EXTRACTED DATA -
'''

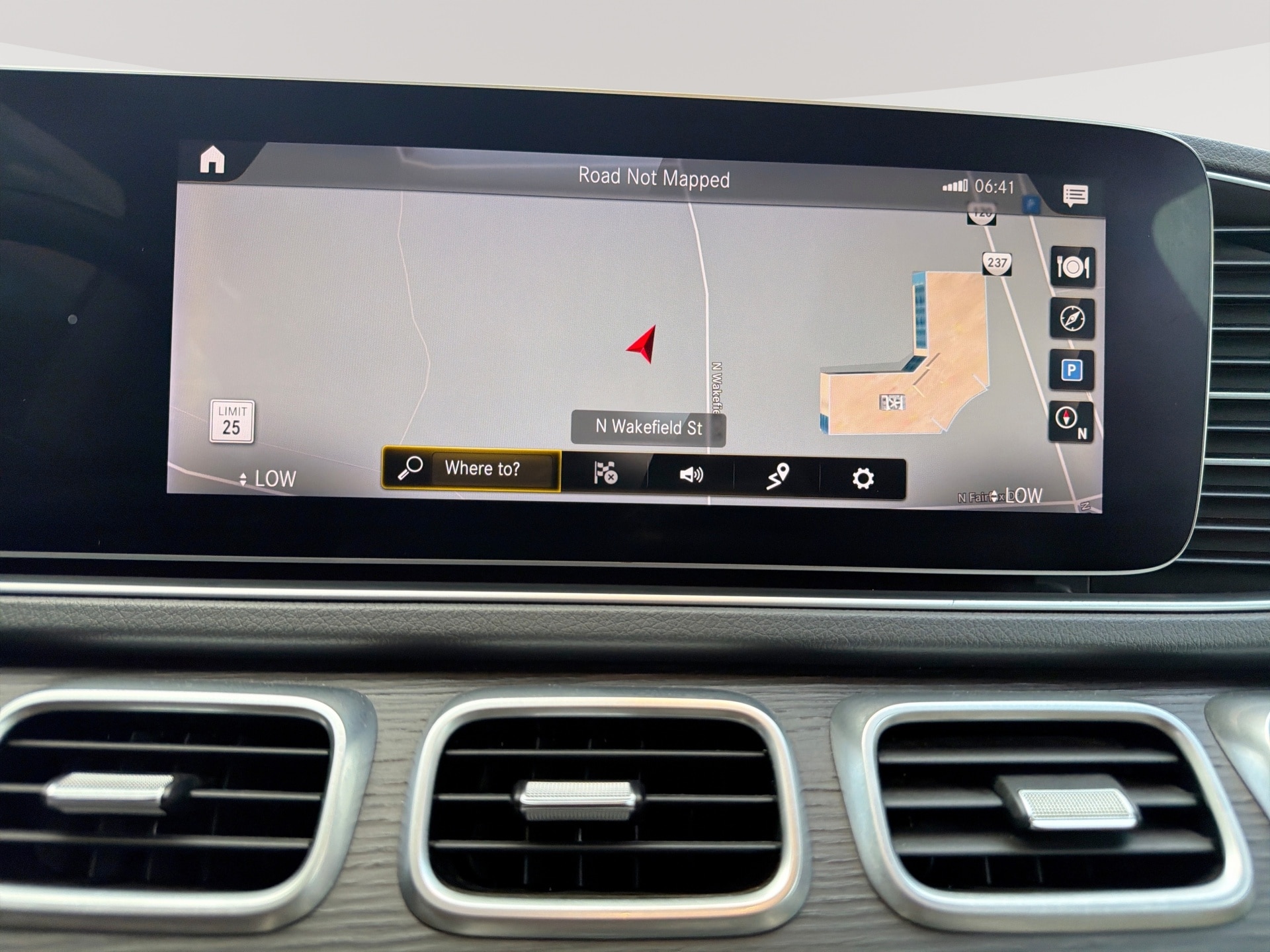 2020 Mercedes-Benz GLS GLS450 - Photo 20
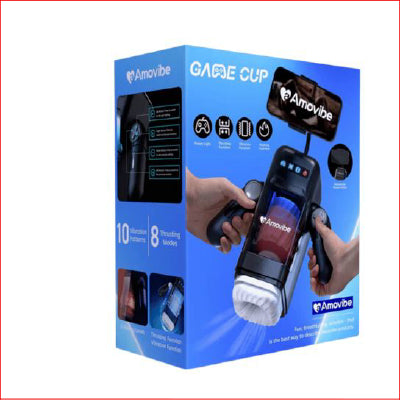 Amovibe Game Cup Thrusting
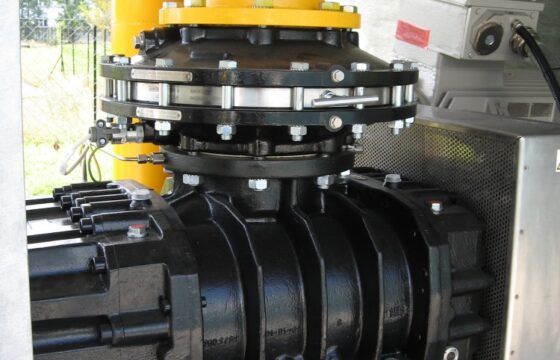 FB Deflagration flame arresters | Kubíček VHS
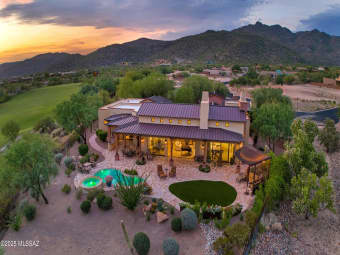 6167 West Seven Saguaros Court, Marana, AZ, 85658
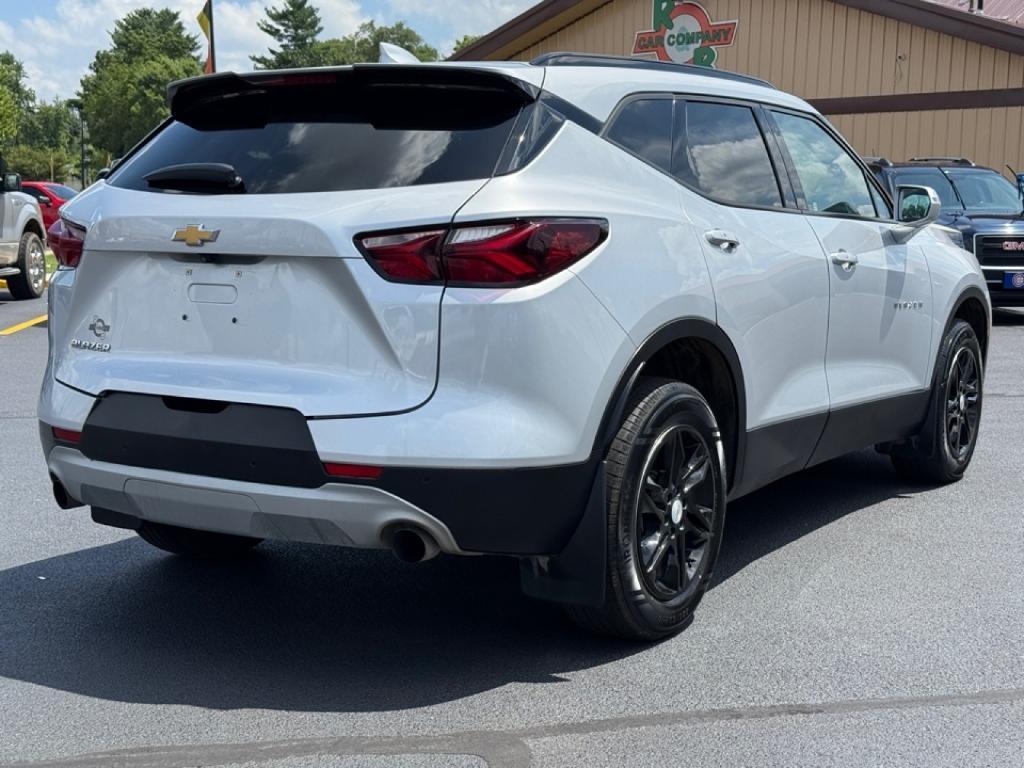 used 2020 Chevrolet Blazer car, priced at $17,994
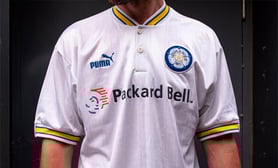 Leeds United Kits and apparel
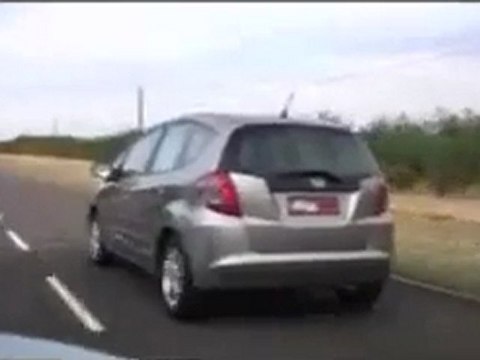 Novo Honda Fit - QUATRO RODAS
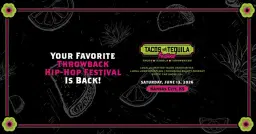 Tacos and Tequila Festival : Kansas City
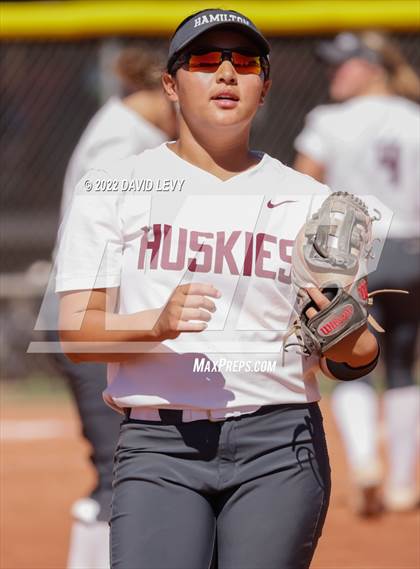 Thumbnail 3 in Cienega vs. Hamilton photogallery.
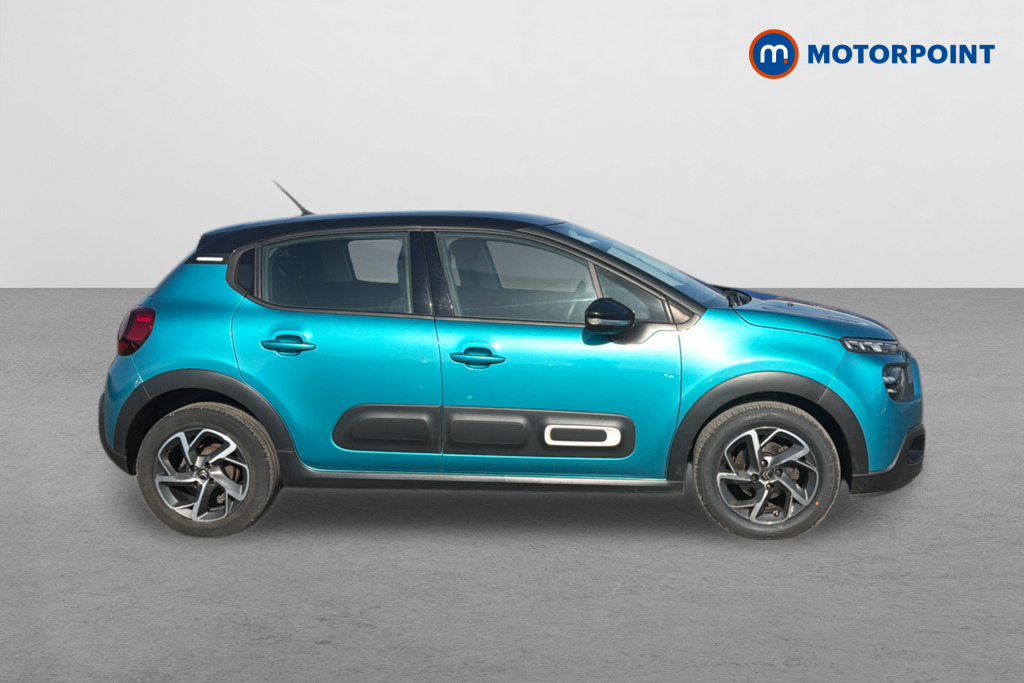 Citroen C3 Flair Manual Petrol Hatchback - Stock Number (1610397) - Drivers side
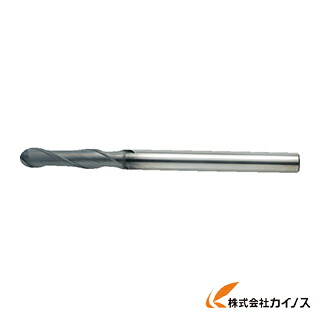 ユニオンツール 超硬エンドミル ボール R0．5×刃長5 DCB2010 【最安値挑戦 通販 おすすめ 人気 価格 安い おしゃれ 】
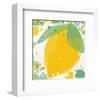 Lemon-Irena Orlov-Framed Art Print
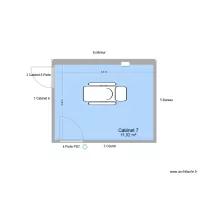 60700 Cabinet 7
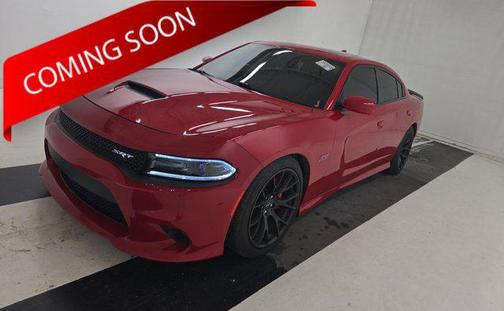 2016 Dodge Charger R/T Scat Pack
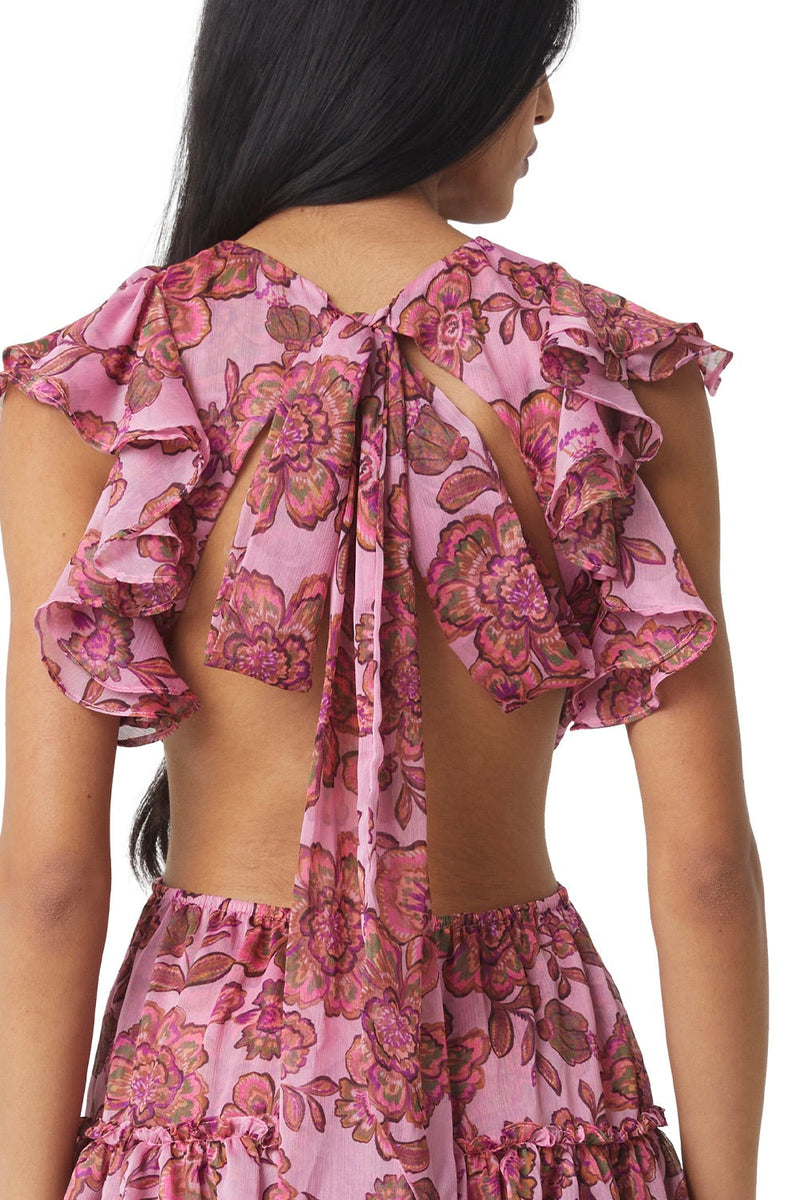 SHAZ DRESS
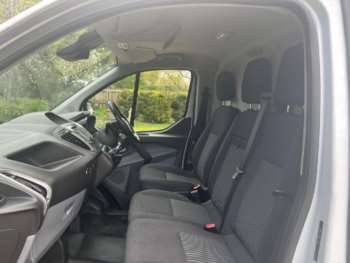 Used Ford Transit Custom 2017 for sale - 74450749: Photo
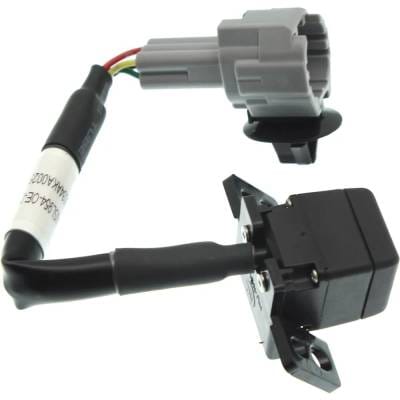 New 130 Degrees Back Up Camera Compatible With Nissan Titan Sv Titan Pro-4X Titan Sl Titan S thumbnail 6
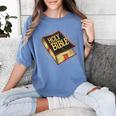 Nice Holy Book Costume For Bible Lovers Women's Comfort Colors T-Shirt Chalky Mint Nice Holy Book Costume For Bible Lovers Women's Comfort Colors T-Shirt Chalky Mint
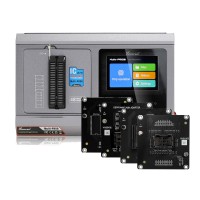 Xhorse VVDI Multi Prog Programmer with VH24 SOP44 & TSOP48+VH29 EEPROM & FLASH+VH30 SOP44+VH31 TSOP48 EEPROM Adapters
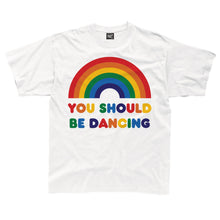 Load image into Gallery viewer, You Should Be Dancing Kids T-Shirt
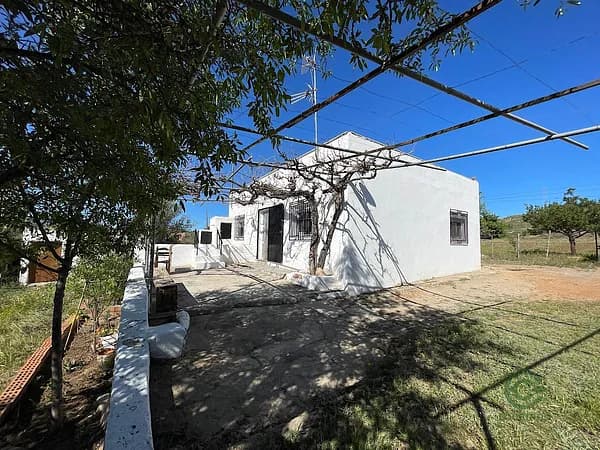 Finca rústica de 0,2573 ha en venta en Sorbas, Almeria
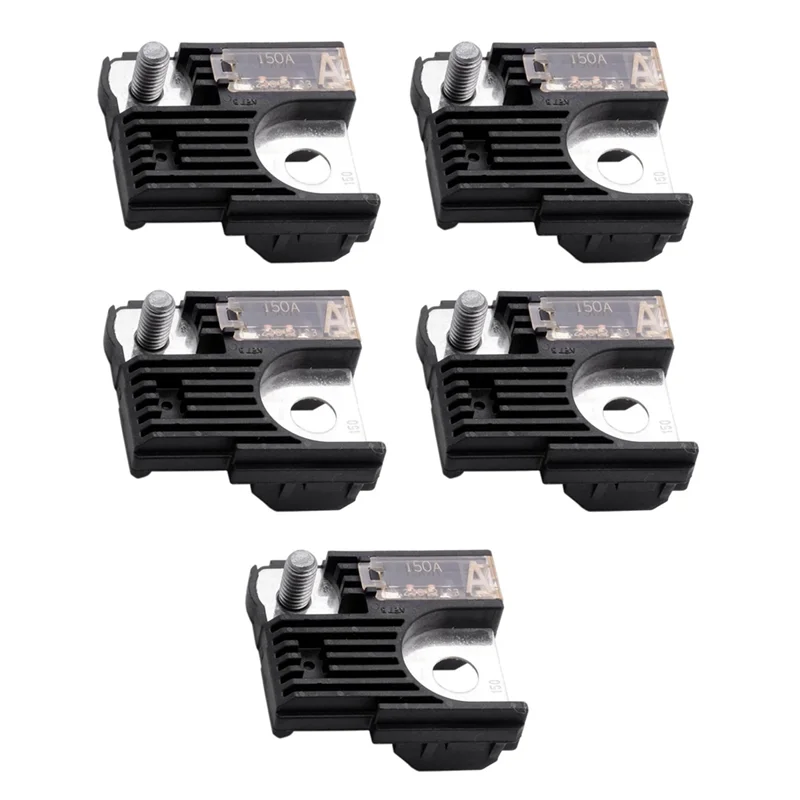 

5Pcs 150A Amp Battery Fuse 18790-01318 1879001318 For Hyundai Tucson Kia Forte5 Forte Optima Sorento Sportage 2013-2015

'''

Leave the pictures out and set down the rest of the listing above exactly.

 2020 Mercedes-Benz GLS GLS450 - Photo 20
 Amovibe Game Cup Thrusting
 FB Deflagration flame arresters | Kubíček VHS
 6167 West Seven Saguaros Court, Marana, AZ, 85658
 used 2020 Chevrolet Blazer car, priced at $17,994
 Leeds United Kits and apparel
 Novo Honda Fit - QUATRO RODAS
 Tacos and Tequila Festival : Kansas City
 Thumbnail 3 in Cienega vs. Hamilton photogallery.
 Citroen C3 Flair Manual Petrol Hatchback - Stock Number (1610397) - Drivers side
 ユニオンツール 超硬エンドミル ボール R0．5×刃長5 DCB2010 【最安値挑戦 通販 おすすめ 人気 価格 安い おしゃれ 】
 Lemon-Irena Orlov-Framed Art Print
 60700 Cabinet 7
 2016 Dodge Charger R/T Scat Pack
 SHAZ DRESS
 Used Ford Transit Custom 2017 for sale - 74450749: Photo
 New 130 Degrees Back Up Camera Compatible With Nissan Titan Sv Titan Pro-4X Titan Sl Titan S thumbnail 6
 Nice Holy Book Costume For Bible Lovers Women's Comfort Colors T-Shirt Chalky Mint Nice Holy Book Costume For Bible Lovers Women's Comfort Colors T-Shirt Chalky Mint
 Xhorse VVDI Multi Prog Programmer with VH24 SOP44 & TSOP48+VH29 EEPROM & FLASH+VH30 SOP44+VH31 TSOP48 EEPROM Adapters
 Load image into Gallery viewer, You Should Be Dancing Kids T-Shirt
 Finca rústica de 0,2573 ha en venta en Sorbas, Almeria

5Pcs 150A Amp Battery Fuse 18790-01318 1879001318 For Hyundai Tucson Kia Forte5 Forte Optima Sorento Sportage 2013-2015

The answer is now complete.